The Classification Framework of Entrepreneurial Competences (CFEC) systematically categorizes entrepreneurial competencies into domain competence, personal competence, and social/relational competence. The framework was developed in 2020 by Tittel & Terzidis based on a comprehensive literature review of entrepreneurial competencies and previous research by Mitchelmore and Rowley (2010). It can be used to evaluate results methodically. The competence domain includes an individual’s KSA that enable them to perform tasks autonomously and professionally, including three subcategories of entrepreneurship characteristics: opportunity recognition, organizational and strategic, and managerial competence. Personal competence refers to an individual’s ability to develop and shape their life responsibly and independently within their specific social, cultural, or occupational context. Social competence refers to an individual’s ability to cooperate with others, understand their interests and social situations, communicate effectively, and maintain positive relationships. Overall, the CFEC framework provides a comprehensive understanding of entrepreneurial competencies.
In the discussion section, these frameworks are utilized to classify and categorize the outcomes of the Delphi study and to identify the entrepreneurial KSA incorporated or absent in the responses. Moreover, we determine the areas where the existing frameworks fall short of the participants’ expectations.
Methods
The Delphi method is a widely used and formalized method to collect ideas and gain expert agreement (Hardie et al., 2023; Morris et al., 2013). It allows for multiple opinions from experts to be collected without the need for face-to-face interactions (Wilson et al., 2003). The Delphi method has been frequently used in educational and EE research (Green, 2014). For example, the method was applied by Morris et al. (2013) to investigate the relevance of entrepreneurial competencies, and by Neck and Corbett (2018) to improve the teaching and learning of for EE. We applied the Delphi method to establish educational attainment levels for EE aimed at learners’ from ninth to twelfth grade in SS. Inspired by the methodological approach of Stewart and Shamdasani (1980), the process involved three rounds to reach iterative agreements.

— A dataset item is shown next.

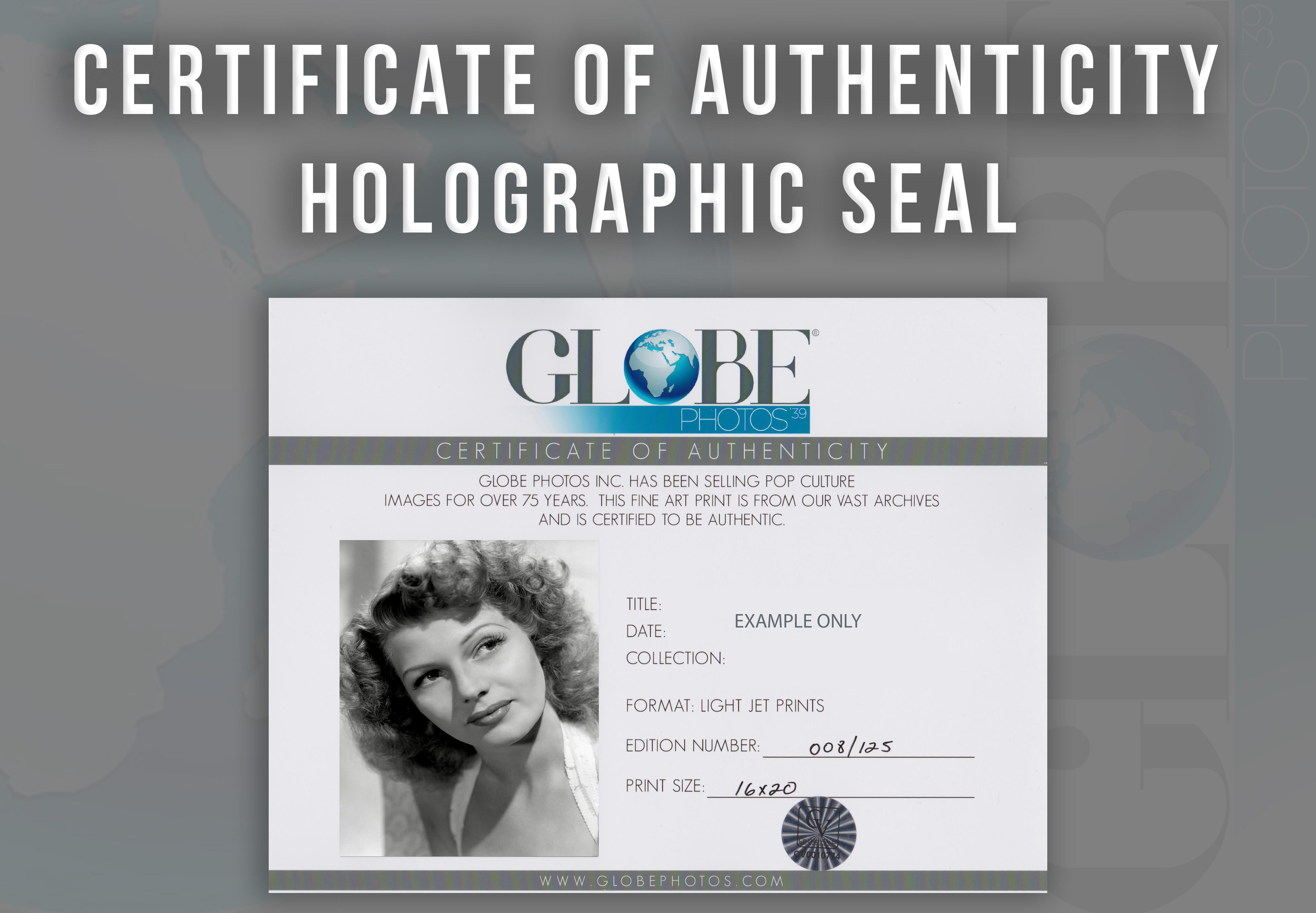 Rita Hayworth Classical Portrait Globe Photos Fine Art Print - Gray Portrait Photograph by Unknown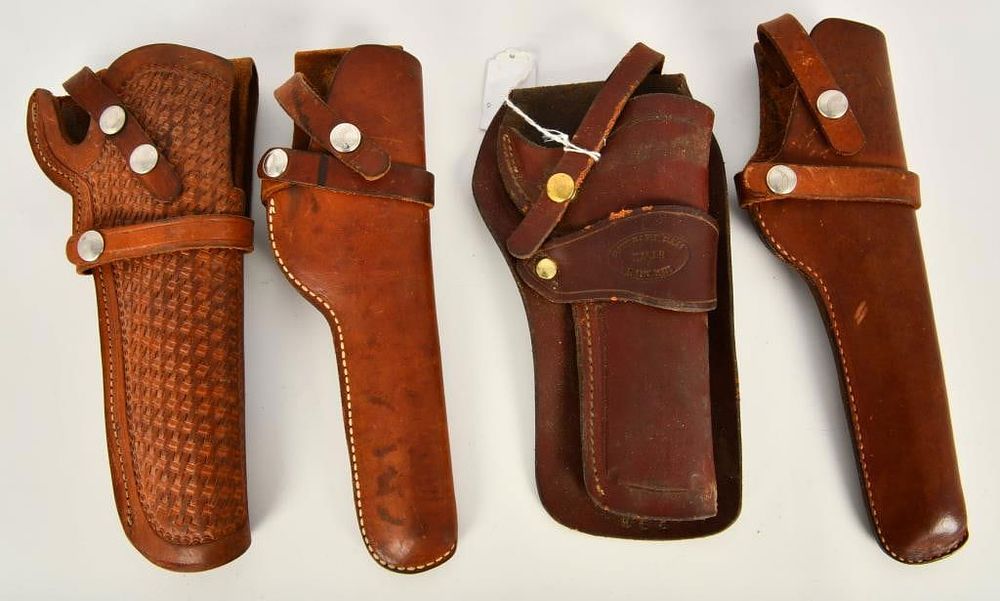 Lot 1644: Leather Holster Lot Hunter, Viking,Classic Old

In the first round, we gathered insights from participants regarding the essential KSAs required for EE. During the second round, participants refined their responses and provided further clarity using Likert scales. In the final round, agreement was aimed for on the levels of achievement for EE by using ranking scales. The University of Maastricht, the Netherlands’s Ethical Review Board approved the entire study under protocol number ERCIC_353_03_05_2022.
Expert Panels and the Data Collection Process
The EE experts were recruited from the professional network, VECON (Association of Teachers of Economic and Social Sciences). They include experienced teachers teaching EE at pre-vocational SE, senior general SE, and pre-university education level. The teachers were primarily approached by e-mail. Over 100 teachers were approached for each round, resulting in 38 participants in the first round of the Delphi, 62 participants in the second round, and 32 participants in the final round. Each round lasted 2–4 weeks, leaving 6–8 weeks between rounds to analyze and present the findings to experts until an agreement on the attainment levels was reached in Round 3. Characteristics of the participants are presented in Appendix 2.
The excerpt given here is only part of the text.